Pro-Government Majority of Armenia’s Parliament Rejected Resolution on Release of Armenians Prisoners Baku
YEREVAN (Azatutyun.am)—The pro-government majority in Armenia’s parliament on Tuesday rejected an opposition-drafted resolution calling on the international community to pressure Azerbaijan to free all of the at least 23 Armenian prisoners held by it.
The resolution debated at an extraordinary session of the National Assembly also urged the Armenian government to actively work with international bodies in trying to secure the release of the captives, among them eight former leaders of Nagorno-Karabakh.
Representatives of the opposition Hayastan and Pativ Unem blocs that initiated the debate said that the ongoing COP29 climate summit in Baku is a unique opportunity to heighten international pressure on the Azerbaijan and get the latter to bow to it.
“It is more effective to exert direct and indirect pressure on Azerbaijan within the framework of COP29, and if the state does not act vigorously now, including at the parliamentary level, it will be more difficult later,” said Pativ Unem’s Tigran Abrahamian.

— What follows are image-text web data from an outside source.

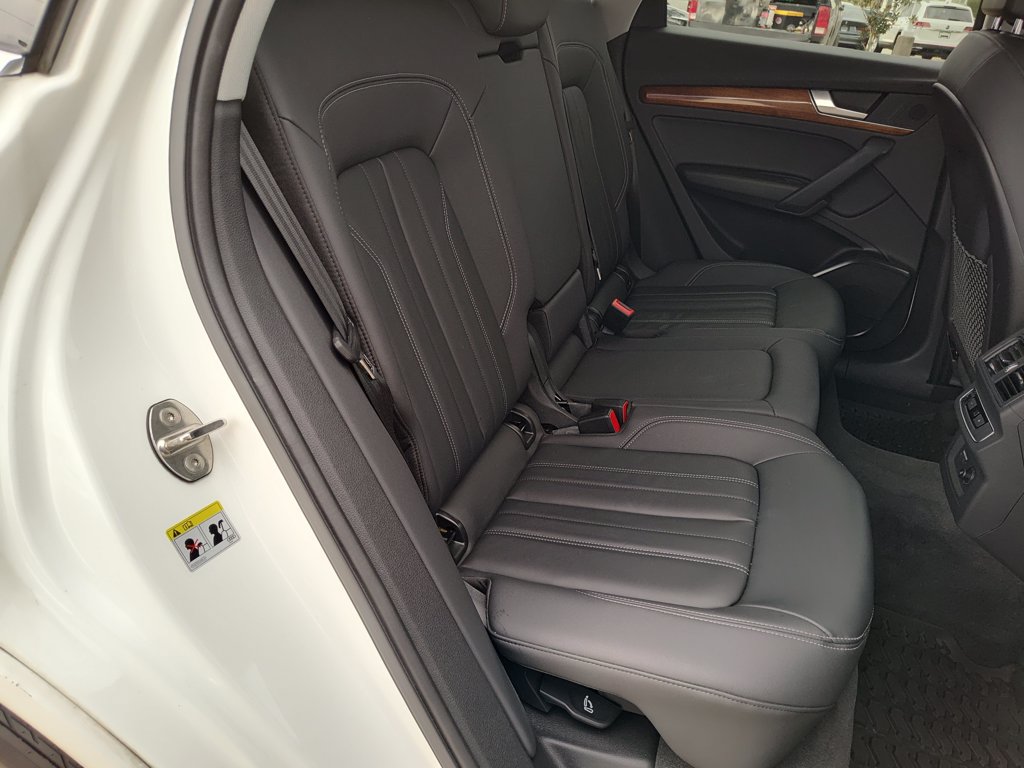 Used 2023 Audi Q5 2.0T Premium w/ Convenience Package AWD/4WD image 35
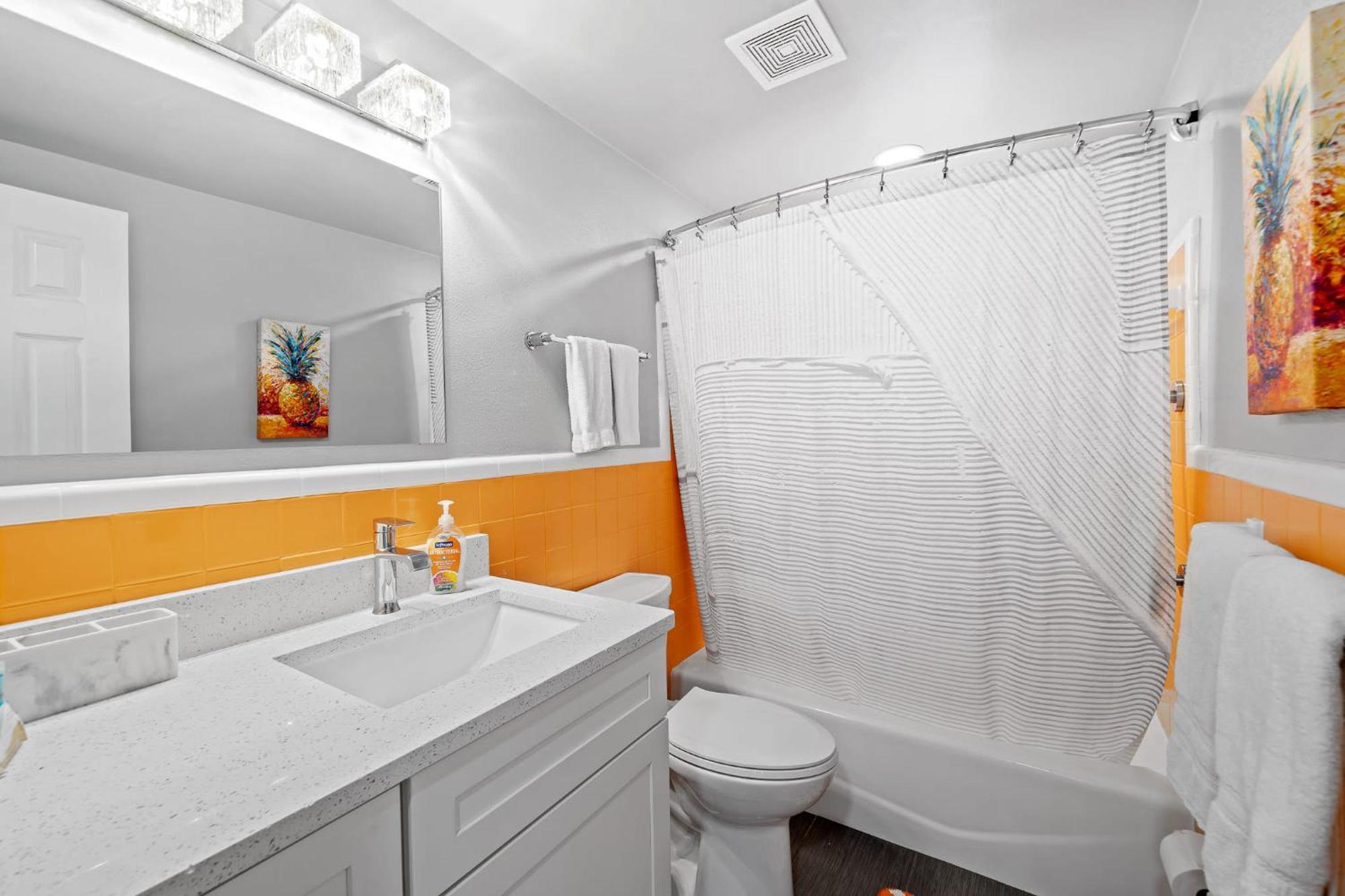 Midtown Cottage - In The Heart Of Cocoa Beach Exterior foto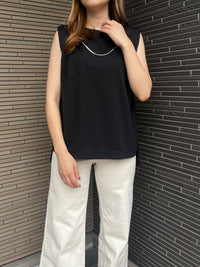 ネックレスモチーフ付カットソー ブラック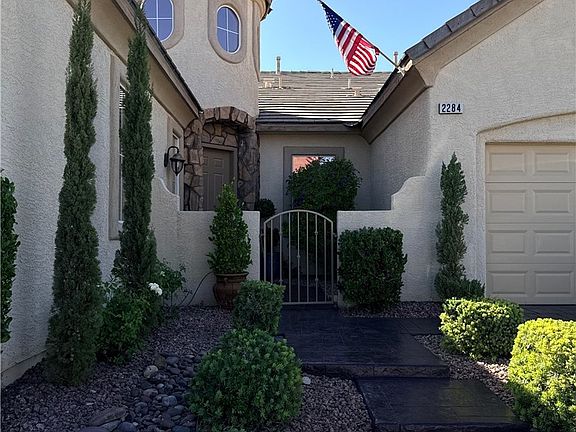 3rd image of 2284 Moresca Ave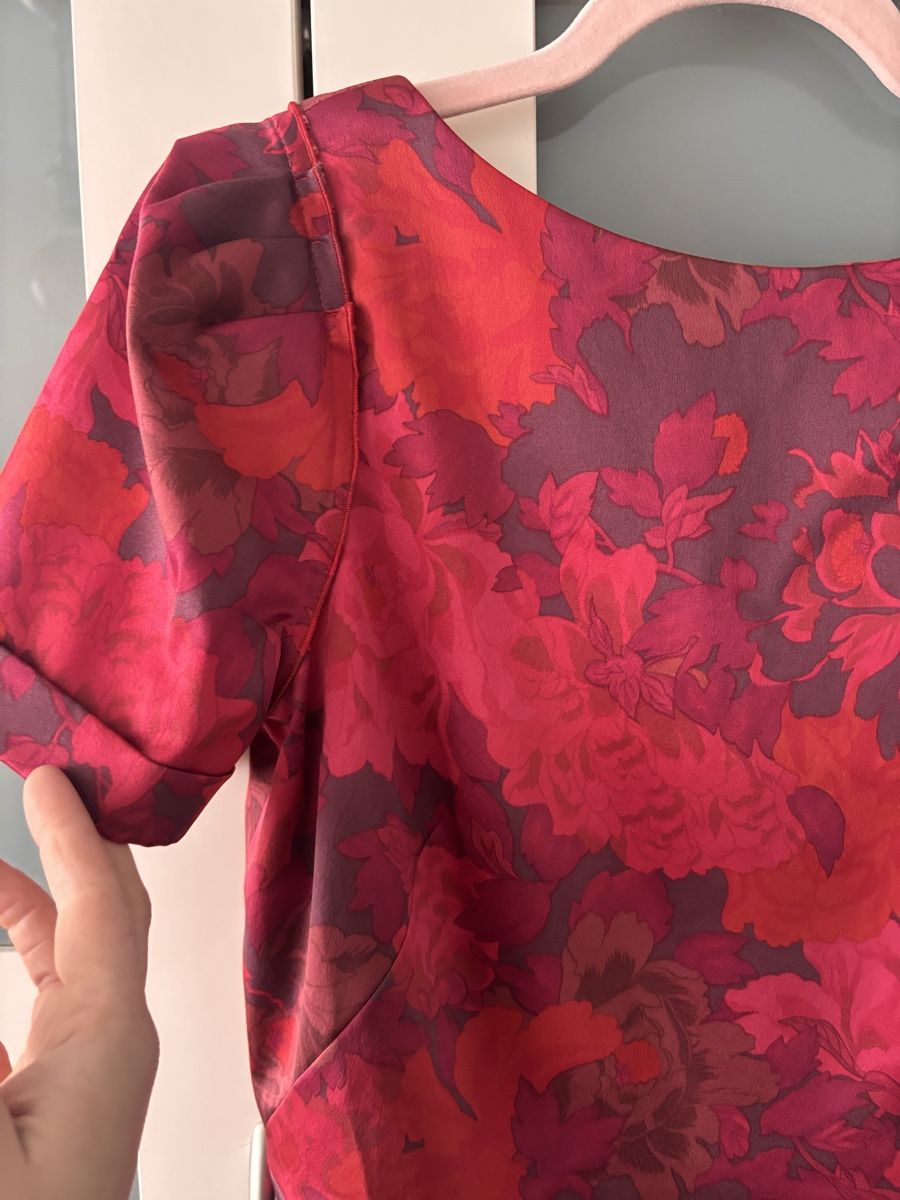Vestiti: Floral Dress – Usato da Männedorf venduto da any_zdm5 5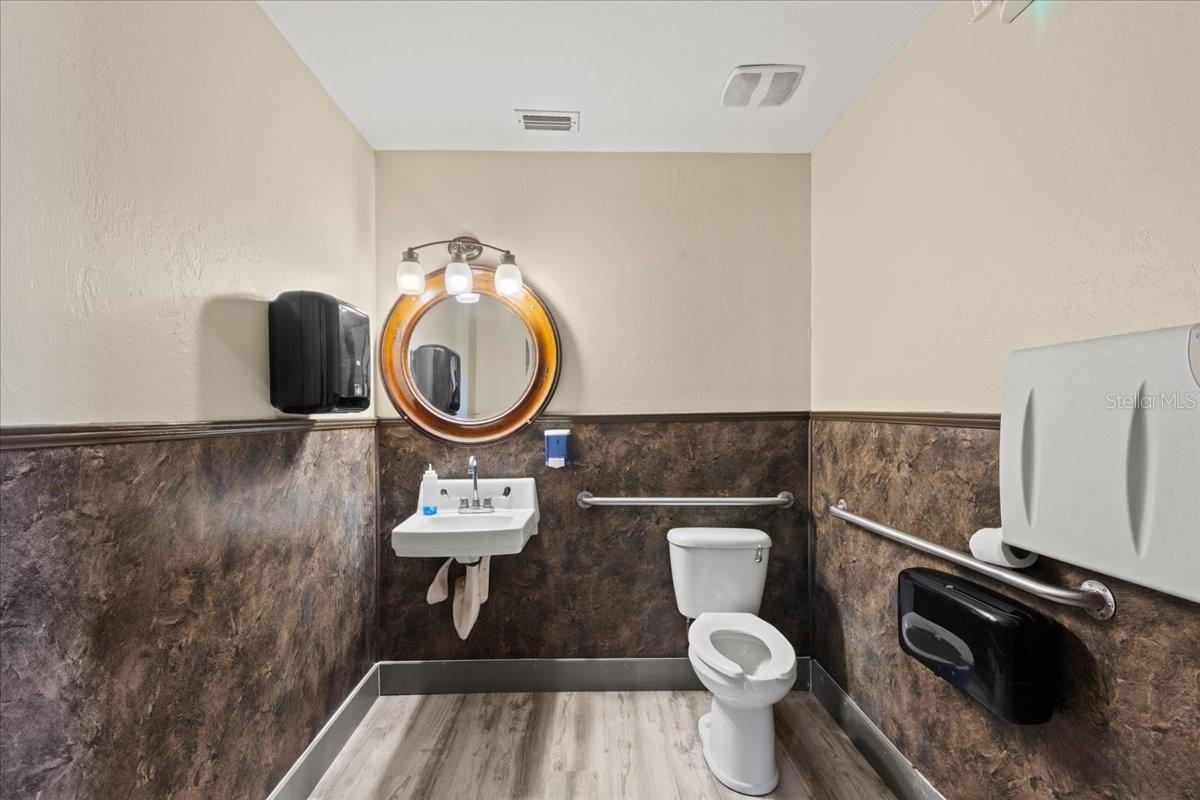 Listing photo id 20 for 115 1st Street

Only 30 members of the 107-seat parliament voted for the draft resolution. None of the deputies from Prime Minister Nikol Pashinyan’s Civil Contract party were among them.
Civil Contract’s parliamentary leader, Hayk Konjoryan, said that such an appeal makes no sense because the Armenian authorities are already trying hard to have the captives set free. Another senior ruling party figure, parliament vice-speaker Ruben Rubinyan, accused the opposition of exploiting the issue for political purposes.
Foreign Minister Ararat Mirzoyan has reportedly expressed readiness to attend COP29 if Baku agrees to free at least some of the prisoners. No Armenian official is taking part in the two-week global summit that began in the Azerbaijani capital on Monday.
“An Armenian delegation must not participate in the international show staged by [Azerbaijani President Ilham] Aliyev as long as we have prisoners of war and hostages in Baku,” Ishkhan Saghatelyan, a Hayastan leader, said on October 31.
Armenian officials have admitted that a draft Armenian-Azerbaijani peace treaty discussed by the two sides would not require Baku to unconditionally free them. Also, Pashinyan has been widely criticized for his scathing comments about one of the captives, Armenian billionaire and former Nagorno-Karabakh premier Ruben Vardanyan, made at an August 31 news conference. He wondered who had told Vardanyan to renounce Russian citizenship and move to Karabakh in 2022 and “for what purpose.”
Critics said that Pashinyan thus echoed Azerbaijani leaders’ earlier claims that Vardanyan was dispatched to Karabakh by Moscow to serve Russian interests there. They accused the Armenian premier of helping Baku to legitimize and prolong the prominent tycoon’s imprisonment.
Vardanyan and the seven other Karabakh leaders were captured following Azerbaijan’s September 2023 military offensive. They were charged with “terrorism” and other grave crimes and are due to go on trial.